Work to be completed:
Return only the lines from the start of the records through the line that contains "Hi guys and", inclusive; leave out all pictures.

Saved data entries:
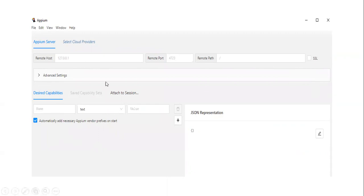Once you finish, Appium Inspector will be displayed. This is the window. Appium Server uses the same type of display, but the difference is that before starting the server it will display like this.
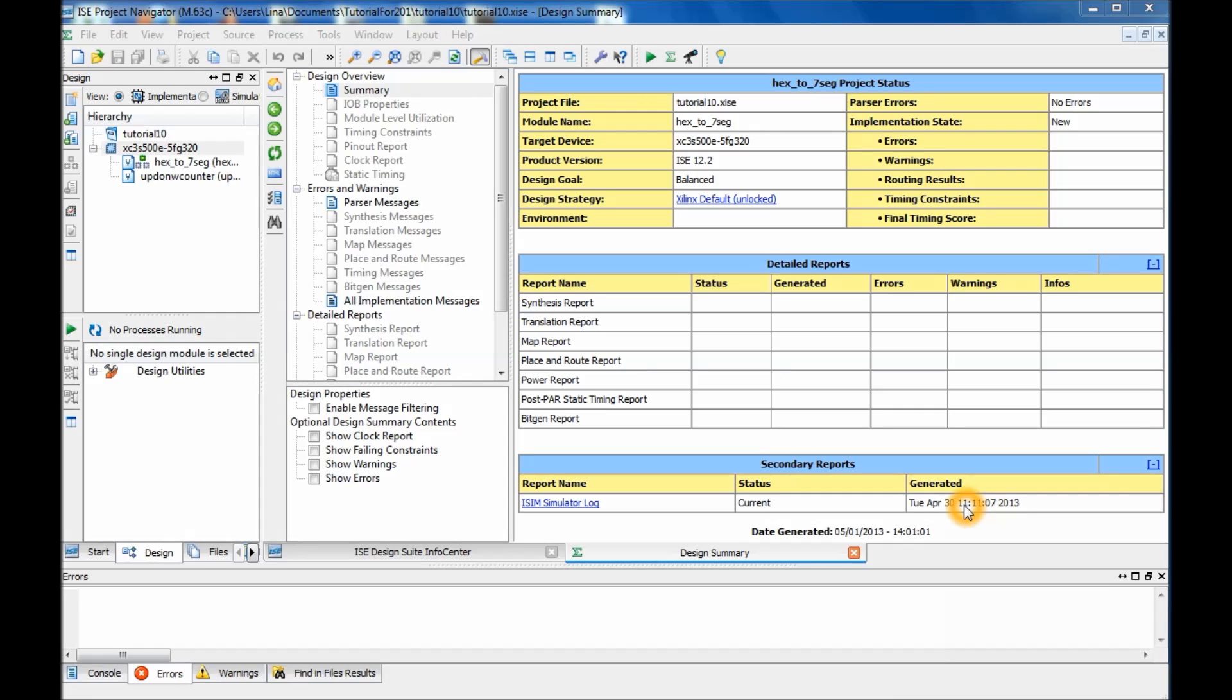Hi guys and welcome back to tutorial number 10 part 3. In the previous tutorials I showed you how to do a 7 segment display, how to do the up down counter, and in this tutorial I showed you how to do a clock divider.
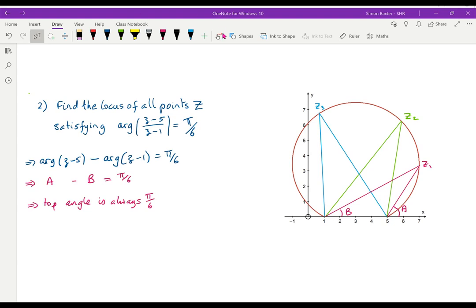I've drawn three possible positions for you: Z1 gives π/6, Z2 gives π/6, Z3 gives π/6. In each case the argument of Z minus 5 — the larger angle — minus the argument of Z minus 1 equals the angle at the top. The same is true for the green lines and the blue lines. So when you have something like this, you should be looking at the two endpoints 1 and 5, and you should be looking at the arc of a circle — going back to your angles-in-a-circle theory from IGCSE.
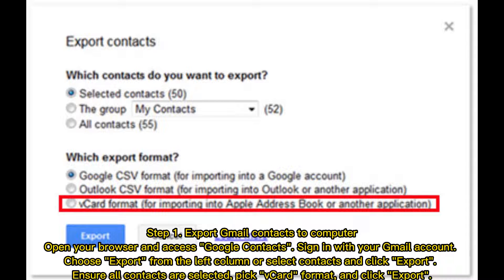Step 1: Export Gmail contacts to your computer. Open your browser and access Google Contacts. Sign in with your Gmail account. Choose Export from the left column, or select Contacts and click Export. Ensure all contacts are selected, pick the vCard format, and click Export.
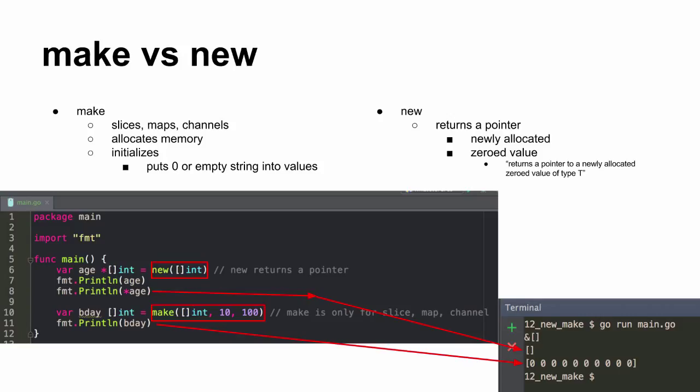Most languages don't have a make though. All right. So I don't know. How can you help me remember that new returns a pointer? That's just the way it is. I was trying to think of something.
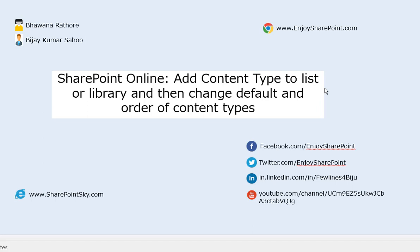If you want to contribute to EnjoySharePoint.com, write your article in a Word document and send it to contactauthor@enjoysharepoint.com. Also subscribe to our YouTube channel—you will get a lot of video updates.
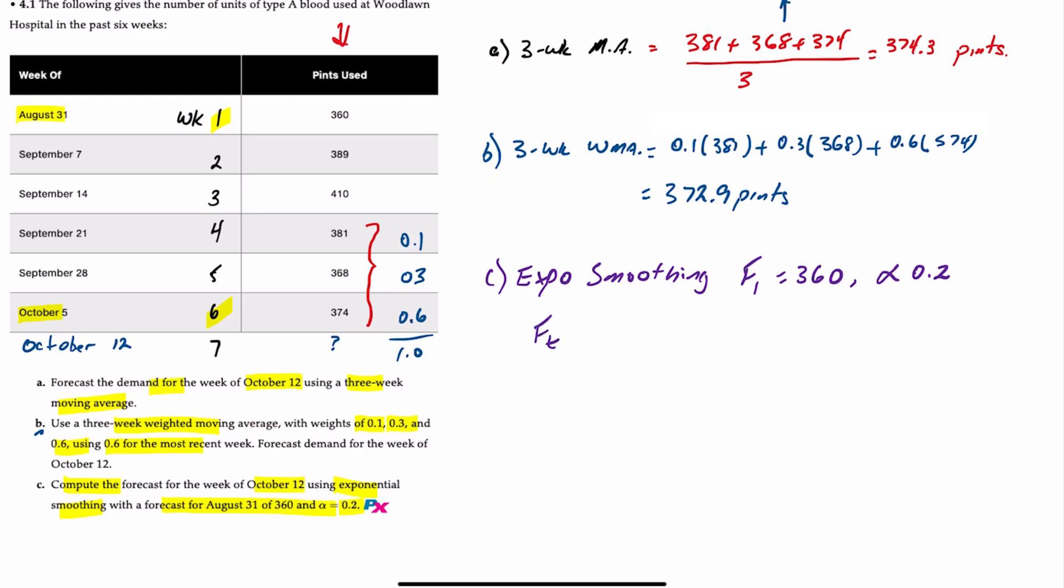FT, so the forecast for the time period you're looking at is FT minus one, or the previous period, plus the alpha, or smoothing constant, times the difference between last period's actual minus last period's forecast. So our forecast for week one is already provided to us at 360. We need a forecast to kick us off.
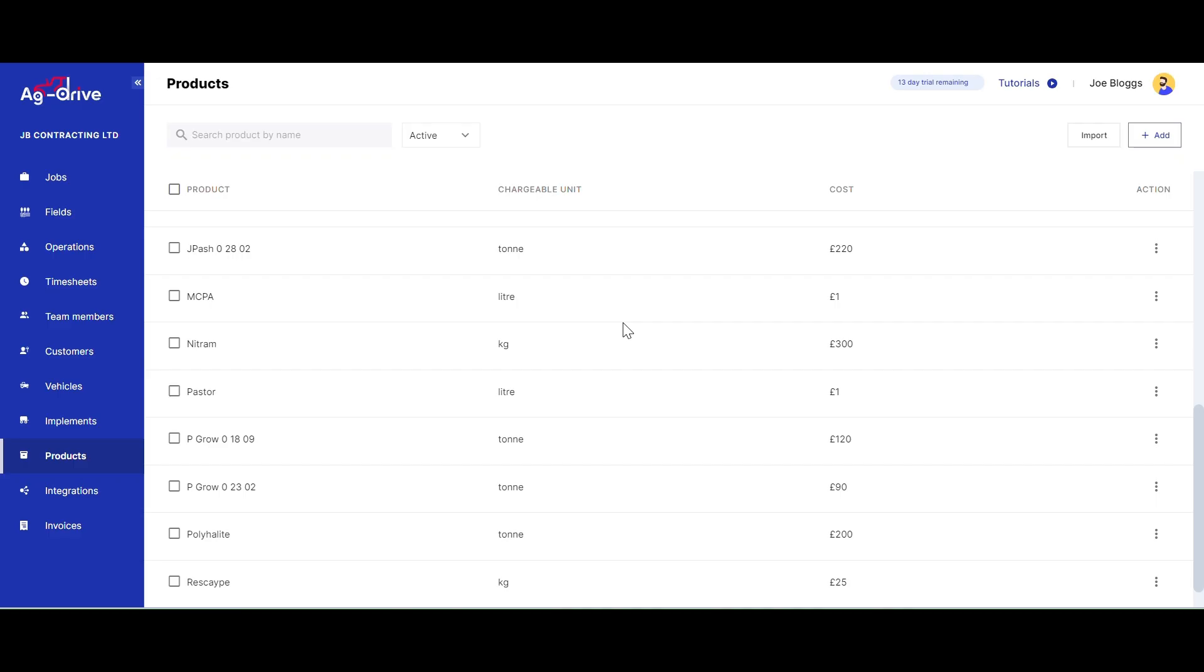You can also bulk import all your products on Ag Drive. This is quite handy if you have a lot of products you're initially wanting to add to your account.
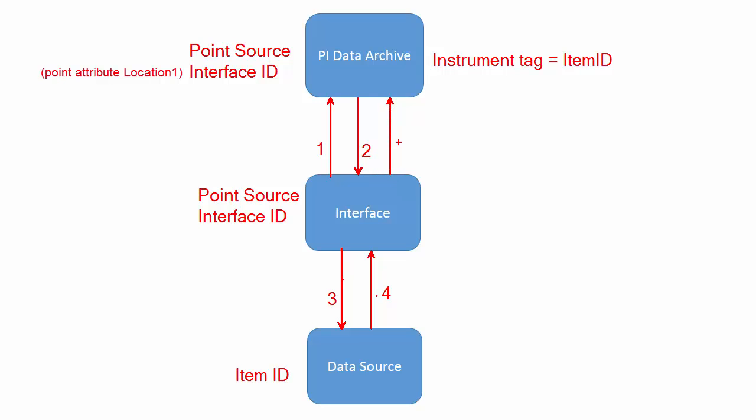So the question is: why do we require two different attributes, namely the point source and interface ID, to tie the set of points between the interface and the PI data archive?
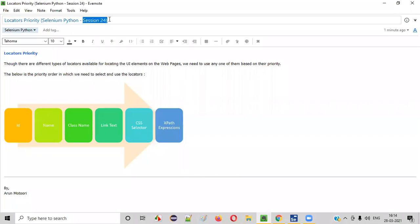Hello all, welcome to session 24 of Selenium Python training series. In this session, I'm going to explain about locators priority. So let's get started.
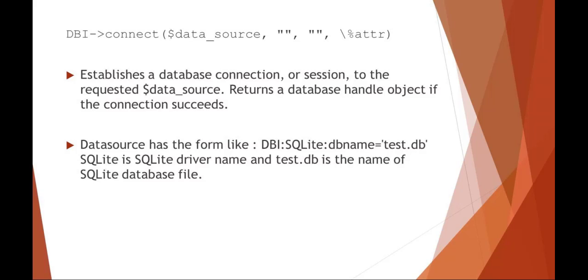Continuing our conversation about Perl and SQL, here are some examples of things that you might need to communicate with an SQL database when you're working with Perl.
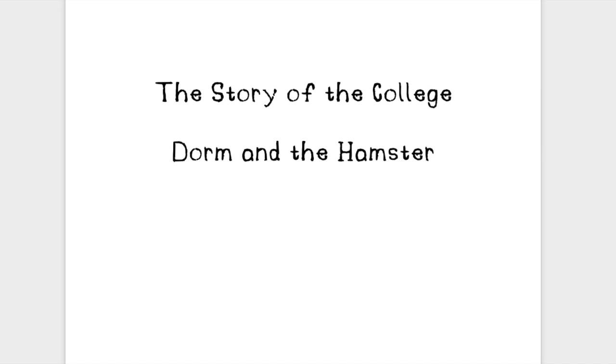Hey there, everybody. My name is TurtleDude, and today I got something a little bit unique for you. I'm going to tell you the story of the college dorm and the hamster.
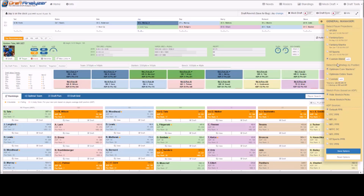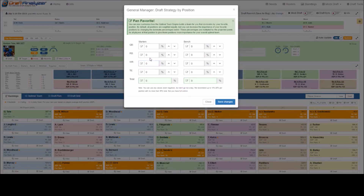One can also select Optimize Entire Team, in which the app will simply recommend the highest overall scoring team in no particular order. Now, if you feel the app is drafting a specific position too early or often, as with the projection sources, you can add or remove weight from the various positions. For example, if you feel the app is going QB heavy and want a more RB heavy draft, select Custom and click the Edit tab.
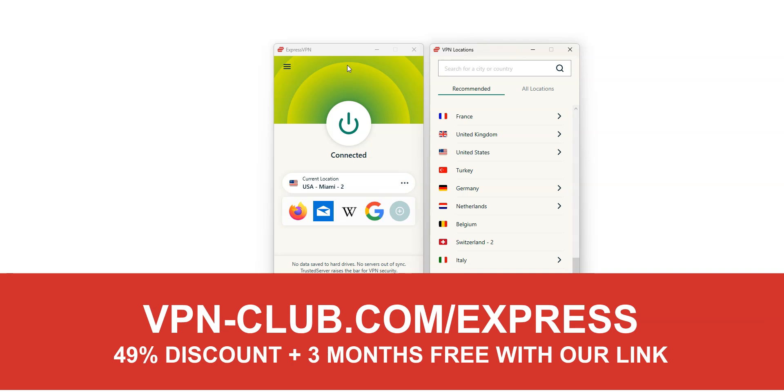ExpressVPN is one of the best VPNs on the market right now. It can help you bypass an IP ban on any video game. ExpressVPN has thousands of servers in 105 countries. It's a safe, reliable and fast VPN.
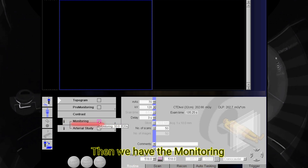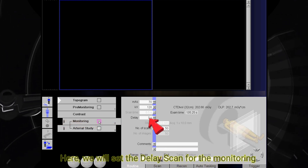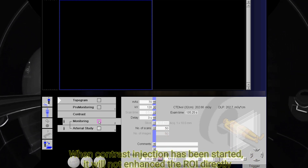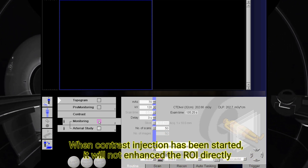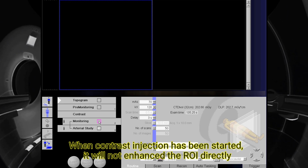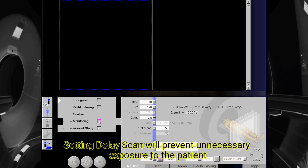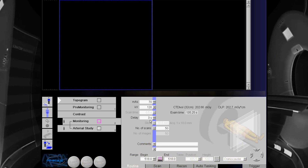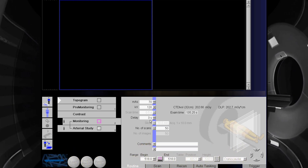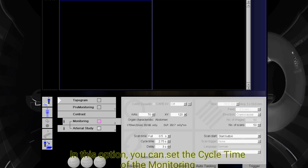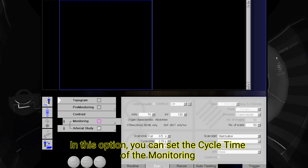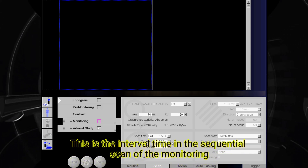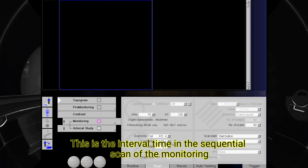Then we have the monitoring. Here we will set the delay scan for the monitoring. When contrast injection has been started, it will not enhance the ROI directly. Setting a delay scan will prevent unnecessary exposure to the patient. In this option, you can set the cycle time of the monitoring, the interval time, and the sequential scan of the monitoring.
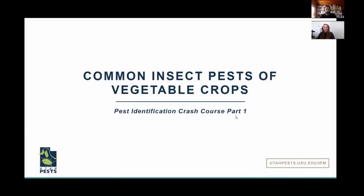Welcome everyone, thank you so much for participating in this webinar. This is our first winter webinar for vegetable growers in Utah. I'm Kami Cannon, the vegetable IPM associate with Utah Pests and the Utah IPM program, and with USU Extension as well. One of my main jobs is to provide education and outreach to vegetable growers in Utah to help you incorporate integrated pest management into your management of vegetables.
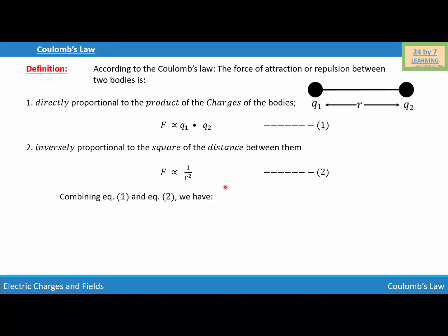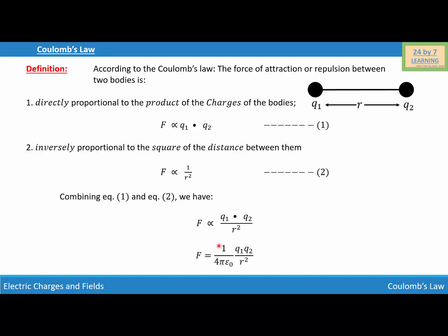Now I'm going to combine equation one and two. Combining equations one and two, we have: F is directly proportional to q1 times q2 over r squared. If we simplify further, we write F is equal to 1 over 4πε₀ times q1·q2 over r squared.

Problem solution:
Once you finish, Appium Inspector will be displayed. This is the window. Appium Server uses the same type of display, but the difference is that before starting the server it will display like this.
Hi guys and welcome back to tutorial number 10 part 3. In the previous tutorials I showed you how to do a 7 segment display, how to do the up down counter, and in this tutorial I showed you how to do a clock divider.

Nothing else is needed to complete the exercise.